──────── Data to use

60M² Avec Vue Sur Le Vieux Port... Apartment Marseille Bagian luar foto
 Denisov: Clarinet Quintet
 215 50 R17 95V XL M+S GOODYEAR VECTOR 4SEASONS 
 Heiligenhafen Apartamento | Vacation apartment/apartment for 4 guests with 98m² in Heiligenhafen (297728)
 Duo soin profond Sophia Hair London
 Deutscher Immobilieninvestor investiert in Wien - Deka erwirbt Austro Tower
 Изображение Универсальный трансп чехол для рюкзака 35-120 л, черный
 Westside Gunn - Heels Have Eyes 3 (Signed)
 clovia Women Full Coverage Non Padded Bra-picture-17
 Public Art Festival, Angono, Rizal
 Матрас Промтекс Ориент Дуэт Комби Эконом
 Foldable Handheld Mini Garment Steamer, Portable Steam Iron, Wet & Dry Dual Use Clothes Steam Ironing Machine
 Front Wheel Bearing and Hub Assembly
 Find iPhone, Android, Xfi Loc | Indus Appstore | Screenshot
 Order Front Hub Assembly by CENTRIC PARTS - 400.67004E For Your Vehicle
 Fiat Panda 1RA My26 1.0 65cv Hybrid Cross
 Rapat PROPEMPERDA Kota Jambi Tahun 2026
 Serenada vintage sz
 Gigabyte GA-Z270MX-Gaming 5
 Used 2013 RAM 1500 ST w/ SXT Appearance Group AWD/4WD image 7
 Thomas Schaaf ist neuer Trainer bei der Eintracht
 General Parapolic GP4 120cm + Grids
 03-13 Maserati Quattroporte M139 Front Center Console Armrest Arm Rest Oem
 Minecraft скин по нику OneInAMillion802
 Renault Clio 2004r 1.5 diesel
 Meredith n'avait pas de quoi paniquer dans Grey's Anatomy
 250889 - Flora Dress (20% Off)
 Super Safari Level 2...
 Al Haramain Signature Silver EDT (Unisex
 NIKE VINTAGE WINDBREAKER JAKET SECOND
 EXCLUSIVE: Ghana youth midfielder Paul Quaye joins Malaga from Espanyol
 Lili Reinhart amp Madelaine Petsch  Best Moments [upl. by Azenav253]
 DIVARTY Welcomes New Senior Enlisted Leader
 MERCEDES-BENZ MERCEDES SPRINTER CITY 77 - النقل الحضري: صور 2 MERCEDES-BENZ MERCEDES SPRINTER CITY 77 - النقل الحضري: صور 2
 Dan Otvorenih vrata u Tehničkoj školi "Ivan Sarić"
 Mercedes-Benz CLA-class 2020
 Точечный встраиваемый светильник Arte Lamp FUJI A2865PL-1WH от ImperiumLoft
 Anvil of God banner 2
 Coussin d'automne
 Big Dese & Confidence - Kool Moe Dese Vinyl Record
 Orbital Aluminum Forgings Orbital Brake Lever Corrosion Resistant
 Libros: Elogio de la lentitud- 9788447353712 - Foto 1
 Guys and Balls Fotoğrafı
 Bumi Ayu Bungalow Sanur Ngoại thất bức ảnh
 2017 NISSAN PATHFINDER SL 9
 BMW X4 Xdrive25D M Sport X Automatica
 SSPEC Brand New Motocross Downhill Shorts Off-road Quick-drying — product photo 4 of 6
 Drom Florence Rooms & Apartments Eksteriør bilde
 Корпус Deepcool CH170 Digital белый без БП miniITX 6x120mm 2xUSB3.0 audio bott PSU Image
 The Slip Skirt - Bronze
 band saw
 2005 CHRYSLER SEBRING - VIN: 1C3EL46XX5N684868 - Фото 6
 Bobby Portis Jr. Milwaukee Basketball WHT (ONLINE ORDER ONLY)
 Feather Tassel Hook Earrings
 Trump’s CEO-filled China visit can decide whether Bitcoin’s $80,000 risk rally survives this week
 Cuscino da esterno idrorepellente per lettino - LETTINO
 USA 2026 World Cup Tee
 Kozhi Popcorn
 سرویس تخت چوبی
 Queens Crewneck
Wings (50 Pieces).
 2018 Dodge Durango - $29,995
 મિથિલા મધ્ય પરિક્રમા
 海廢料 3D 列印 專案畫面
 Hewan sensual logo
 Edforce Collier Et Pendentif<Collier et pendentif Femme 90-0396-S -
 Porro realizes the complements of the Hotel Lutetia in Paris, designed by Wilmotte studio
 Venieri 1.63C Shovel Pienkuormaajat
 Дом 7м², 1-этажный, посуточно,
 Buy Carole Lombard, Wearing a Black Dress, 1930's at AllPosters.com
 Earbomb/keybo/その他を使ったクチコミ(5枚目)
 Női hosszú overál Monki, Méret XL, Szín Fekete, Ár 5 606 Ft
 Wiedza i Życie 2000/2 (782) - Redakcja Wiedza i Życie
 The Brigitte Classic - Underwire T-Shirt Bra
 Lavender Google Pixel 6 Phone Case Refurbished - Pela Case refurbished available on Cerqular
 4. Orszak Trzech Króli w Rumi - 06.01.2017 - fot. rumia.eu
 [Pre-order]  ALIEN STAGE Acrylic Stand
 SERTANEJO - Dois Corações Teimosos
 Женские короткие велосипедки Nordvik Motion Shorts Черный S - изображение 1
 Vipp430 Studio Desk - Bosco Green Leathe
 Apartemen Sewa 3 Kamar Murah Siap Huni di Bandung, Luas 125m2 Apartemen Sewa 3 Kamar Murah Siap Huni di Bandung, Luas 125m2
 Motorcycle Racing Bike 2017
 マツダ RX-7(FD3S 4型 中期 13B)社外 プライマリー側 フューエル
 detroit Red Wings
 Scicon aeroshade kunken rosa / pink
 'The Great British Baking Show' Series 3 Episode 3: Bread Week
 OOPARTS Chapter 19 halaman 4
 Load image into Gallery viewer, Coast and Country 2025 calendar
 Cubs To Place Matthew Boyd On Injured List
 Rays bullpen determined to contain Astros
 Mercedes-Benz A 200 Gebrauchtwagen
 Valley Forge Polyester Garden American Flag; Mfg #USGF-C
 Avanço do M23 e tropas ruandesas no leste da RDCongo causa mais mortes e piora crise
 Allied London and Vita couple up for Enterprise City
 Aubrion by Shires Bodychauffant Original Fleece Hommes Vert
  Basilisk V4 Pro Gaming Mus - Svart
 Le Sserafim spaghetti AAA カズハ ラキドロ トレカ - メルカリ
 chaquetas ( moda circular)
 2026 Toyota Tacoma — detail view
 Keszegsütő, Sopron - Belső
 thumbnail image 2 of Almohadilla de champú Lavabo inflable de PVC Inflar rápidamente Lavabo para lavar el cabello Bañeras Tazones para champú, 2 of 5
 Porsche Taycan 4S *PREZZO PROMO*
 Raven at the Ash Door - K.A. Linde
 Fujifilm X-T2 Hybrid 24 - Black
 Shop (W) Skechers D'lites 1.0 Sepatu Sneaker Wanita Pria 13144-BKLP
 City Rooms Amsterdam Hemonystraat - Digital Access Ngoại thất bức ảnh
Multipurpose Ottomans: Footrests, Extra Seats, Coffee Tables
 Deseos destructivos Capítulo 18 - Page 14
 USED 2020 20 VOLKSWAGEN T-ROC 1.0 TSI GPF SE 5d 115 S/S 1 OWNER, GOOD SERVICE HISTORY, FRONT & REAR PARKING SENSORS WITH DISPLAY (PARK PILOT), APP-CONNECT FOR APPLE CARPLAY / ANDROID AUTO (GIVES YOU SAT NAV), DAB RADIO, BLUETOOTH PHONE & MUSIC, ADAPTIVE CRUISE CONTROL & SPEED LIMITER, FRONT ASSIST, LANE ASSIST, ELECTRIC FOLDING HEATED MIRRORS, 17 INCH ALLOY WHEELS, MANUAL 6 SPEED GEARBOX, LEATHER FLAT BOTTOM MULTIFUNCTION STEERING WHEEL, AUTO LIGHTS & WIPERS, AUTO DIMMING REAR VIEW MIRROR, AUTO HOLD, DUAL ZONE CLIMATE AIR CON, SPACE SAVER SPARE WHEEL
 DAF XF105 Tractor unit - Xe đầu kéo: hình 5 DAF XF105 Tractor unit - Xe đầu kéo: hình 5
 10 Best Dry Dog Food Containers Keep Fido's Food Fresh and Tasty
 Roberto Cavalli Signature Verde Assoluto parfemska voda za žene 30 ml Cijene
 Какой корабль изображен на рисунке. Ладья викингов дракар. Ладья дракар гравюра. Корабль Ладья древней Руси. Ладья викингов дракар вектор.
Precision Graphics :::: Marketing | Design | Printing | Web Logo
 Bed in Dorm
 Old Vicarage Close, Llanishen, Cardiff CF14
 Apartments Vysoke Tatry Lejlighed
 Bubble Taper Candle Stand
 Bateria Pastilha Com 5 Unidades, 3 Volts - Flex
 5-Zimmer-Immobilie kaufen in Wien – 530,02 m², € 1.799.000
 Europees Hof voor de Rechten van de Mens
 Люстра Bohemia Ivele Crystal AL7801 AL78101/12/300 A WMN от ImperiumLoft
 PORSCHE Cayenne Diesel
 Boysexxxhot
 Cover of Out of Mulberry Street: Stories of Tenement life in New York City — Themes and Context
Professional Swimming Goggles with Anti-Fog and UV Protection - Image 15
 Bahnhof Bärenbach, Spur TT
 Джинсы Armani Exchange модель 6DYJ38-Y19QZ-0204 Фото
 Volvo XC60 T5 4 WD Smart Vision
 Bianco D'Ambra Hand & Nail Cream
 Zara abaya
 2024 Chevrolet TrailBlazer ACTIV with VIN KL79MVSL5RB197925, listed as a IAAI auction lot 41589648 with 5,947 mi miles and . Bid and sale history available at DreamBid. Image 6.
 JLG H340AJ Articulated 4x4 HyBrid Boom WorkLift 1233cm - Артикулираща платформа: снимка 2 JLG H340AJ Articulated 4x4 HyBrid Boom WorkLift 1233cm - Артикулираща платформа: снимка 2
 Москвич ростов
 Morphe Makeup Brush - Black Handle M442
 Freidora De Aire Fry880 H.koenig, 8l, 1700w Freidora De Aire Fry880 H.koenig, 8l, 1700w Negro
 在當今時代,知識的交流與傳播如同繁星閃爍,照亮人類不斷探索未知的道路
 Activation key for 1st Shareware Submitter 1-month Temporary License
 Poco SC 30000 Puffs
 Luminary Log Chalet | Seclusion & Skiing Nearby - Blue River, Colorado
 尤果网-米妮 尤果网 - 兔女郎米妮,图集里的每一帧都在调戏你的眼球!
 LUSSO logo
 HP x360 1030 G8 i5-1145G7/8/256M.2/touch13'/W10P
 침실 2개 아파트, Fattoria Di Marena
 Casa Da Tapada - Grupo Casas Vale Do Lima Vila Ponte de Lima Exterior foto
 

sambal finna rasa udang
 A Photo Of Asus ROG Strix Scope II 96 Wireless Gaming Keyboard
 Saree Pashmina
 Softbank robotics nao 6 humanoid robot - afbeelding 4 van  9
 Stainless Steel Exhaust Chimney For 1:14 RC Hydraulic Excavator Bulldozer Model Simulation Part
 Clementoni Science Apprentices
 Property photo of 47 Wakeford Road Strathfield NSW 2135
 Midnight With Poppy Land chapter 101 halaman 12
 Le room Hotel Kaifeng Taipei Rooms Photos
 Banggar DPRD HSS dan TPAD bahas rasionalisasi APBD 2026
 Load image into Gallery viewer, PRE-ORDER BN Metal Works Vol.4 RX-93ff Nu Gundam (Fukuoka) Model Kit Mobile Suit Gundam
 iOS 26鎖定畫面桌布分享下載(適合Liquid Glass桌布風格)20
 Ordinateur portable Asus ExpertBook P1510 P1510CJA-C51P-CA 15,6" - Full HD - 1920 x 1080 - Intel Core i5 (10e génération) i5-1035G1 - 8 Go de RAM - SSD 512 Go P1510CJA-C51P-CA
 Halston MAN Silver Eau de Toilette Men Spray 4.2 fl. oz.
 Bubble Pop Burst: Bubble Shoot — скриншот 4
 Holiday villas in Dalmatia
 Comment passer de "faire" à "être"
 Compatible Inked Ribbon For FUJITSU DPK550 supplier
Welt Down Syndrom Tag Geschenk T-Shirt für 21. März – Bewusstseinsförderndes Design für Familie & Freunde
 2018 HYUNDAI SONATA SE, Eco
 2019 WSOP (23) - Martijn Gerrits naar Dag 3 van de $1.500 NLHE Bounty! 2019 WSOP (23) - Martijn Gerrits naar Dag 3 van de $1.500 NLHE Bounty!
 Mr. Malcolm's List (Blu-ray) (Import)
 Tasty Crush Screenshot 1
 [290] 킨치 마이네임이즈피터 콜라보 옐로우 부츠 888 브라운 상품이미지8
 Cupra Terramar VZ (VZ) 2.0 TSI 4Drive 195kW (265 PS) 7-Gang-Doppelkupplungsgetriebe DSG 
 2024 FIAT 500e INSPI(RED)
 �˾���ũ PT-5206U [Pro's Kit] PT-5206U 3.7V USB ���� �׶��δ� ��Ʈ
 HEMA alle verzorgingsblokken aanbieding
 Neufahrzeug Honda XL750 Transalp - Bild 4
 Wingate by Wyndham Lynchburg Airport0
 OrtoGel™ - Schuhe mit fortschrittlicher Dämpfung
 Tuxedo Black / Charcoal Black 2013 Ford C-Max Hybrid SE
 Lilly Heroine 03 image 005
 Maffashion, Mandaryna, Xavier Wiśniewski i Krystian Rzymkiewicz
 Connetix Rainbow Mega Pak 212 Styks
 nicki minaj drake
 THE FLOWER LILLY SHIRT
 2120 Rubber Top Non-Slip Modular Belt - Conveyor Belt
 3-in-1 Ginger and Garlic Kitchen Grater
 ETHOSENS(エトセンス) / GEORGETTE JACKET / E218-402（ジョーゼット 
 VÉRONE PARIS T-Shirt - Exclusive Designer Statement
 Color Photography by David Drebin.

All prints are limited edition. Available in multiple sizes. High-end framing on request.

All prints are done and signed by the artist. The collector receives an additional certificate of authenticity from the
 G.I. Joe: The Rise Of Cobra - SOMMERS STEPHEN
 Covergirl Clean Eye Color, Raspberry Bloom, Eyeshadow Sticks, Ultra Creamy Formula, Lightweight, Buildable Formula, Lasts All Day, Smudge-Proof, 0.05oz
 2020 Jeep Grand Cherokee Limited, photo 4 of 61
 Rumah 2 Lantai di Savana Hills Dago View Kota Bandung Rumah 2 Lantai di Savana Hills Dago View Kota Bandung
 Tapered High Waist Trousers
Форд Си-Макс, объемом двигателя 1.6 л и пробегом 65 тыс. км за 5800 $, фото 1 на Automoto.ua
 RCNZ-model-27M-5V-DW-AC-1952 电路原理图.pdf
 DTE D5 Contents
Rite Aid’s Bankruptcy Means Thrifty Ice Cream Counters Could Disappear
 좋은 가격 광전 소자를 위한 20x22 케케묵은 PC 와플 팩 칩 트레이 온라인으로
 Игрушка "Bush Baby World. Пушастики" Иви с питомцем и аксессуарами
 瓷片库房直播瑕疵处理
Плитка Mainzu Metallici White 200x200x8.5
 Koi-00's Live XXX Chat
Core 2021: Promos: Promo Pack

────────────────

• [Instructions for the task] When the word "Load" appears in a line of the data, that line is counted; report the number only.

• [Solution to this exercise] 2